Notably, again and again, the United States highlights the “needed structural changes in China” in all its statements on trade talks. But that critical point of emphasis for the United States would always be intentionally played down or even completely omitted in Chinese announcements.

Despite, or perhaps because of, such delicate manipulation of information, China has shown increasing signals that it is ready to reach a deal with the United States now.                                                                        

China’s attitude toward the U.S.-China trade friction has switched from belligerence to silence and now to optimism.

In the very beginning, China repeatedly vowed, “We have the confidence and capability to counter any measure of trade protectionism taken by the United States.”

During this period, Chinese state media released a large number of articles blaming U.S. hegemonism for the issue.

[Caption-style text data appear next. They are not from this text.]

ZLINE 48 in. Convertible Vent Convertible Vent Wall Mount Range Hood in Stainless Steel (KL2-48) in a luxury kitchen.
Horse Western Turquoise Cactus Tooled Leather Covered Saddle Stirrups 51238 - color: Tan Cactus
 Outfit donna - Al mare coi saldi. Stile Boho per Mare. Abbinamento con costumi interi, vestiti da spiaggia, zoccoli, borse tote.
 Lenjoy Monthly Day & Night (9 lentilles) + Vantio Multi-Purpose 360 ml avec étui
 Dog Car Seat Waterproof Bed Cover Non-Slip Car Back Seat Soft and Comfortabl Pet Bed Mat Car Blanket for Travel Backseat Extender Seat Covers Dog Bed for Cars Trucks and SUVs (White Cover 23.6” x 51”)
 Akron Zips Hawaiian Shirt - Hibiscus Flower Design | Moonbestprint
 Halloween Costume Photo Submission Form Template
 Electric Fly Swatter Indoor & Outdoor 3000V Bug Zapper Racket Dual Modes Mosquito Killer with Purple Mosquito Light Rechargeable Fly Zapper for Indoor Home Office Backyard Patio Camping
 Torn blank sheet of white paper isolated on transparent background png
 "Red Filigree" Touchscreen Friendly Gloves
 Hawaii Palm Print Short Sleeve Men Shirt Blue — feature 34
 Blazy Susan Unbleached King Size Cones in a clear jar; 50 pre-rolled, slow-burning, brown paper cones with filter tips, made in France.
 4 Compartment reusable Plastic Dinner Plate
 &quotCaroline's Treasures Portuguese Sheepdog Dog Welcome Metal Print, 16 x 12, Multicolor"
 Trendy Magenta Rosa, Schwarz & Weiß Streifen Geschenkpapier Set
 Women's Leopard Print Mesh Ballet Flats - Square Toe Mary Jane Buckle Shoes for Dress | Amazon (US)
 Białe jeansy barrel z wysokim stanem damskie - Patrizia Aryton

As the U.S.-China trade talks continued, Chinese state media suddenly cooled down its criticism of Washington. As The Diplomat noted earlier, after Liu He met with U.S. President Donald Trump in the Oval Office on January 31, not a single piece of news about this significant meeting was broadcast by China’s TV stations.

Last week, after the latest round of U.S.-China trade negotiation wrapped up in Beijing, President Xi Jinping met with both delegations at the Great Hall of the People. This meeting was broadcast in a high profile in China. Yet Chinese state media’s focus was on how Xi encouraged both sides to reach a “win-win” deal.

“I have repeatedly said that China and the United States cannot be separated from one another. Only through cooperation can a win-win situation be attained, and confrontation will certainly lead to a lose-lose scenario. Cooperation is the best choice for both sides,” Xi told both delegations, according to Xinhua.

Interestingly, soon after this meeting, Chinese state media broke its silence and released a series of reports expressing optimism.

A group of reporters from the Chinese state TV network, CCTV, interviewed multiple experts at home and abroad. All these experts expressed that a trade deal would be good for both nations. It’s obvious that CCTV’s reporters had been preparing for this specific interview for a long time.

Even the Global Times, one of China’s most nationalist state-run newspapers that has been constantly criticizing the United States, said recently that “We hope the Chinese and U.S. delegations steadily promote a good result in their talks.”

Chinese state media’s change of attitude implies that China aims to complete the negotiations by the March 1 deadline.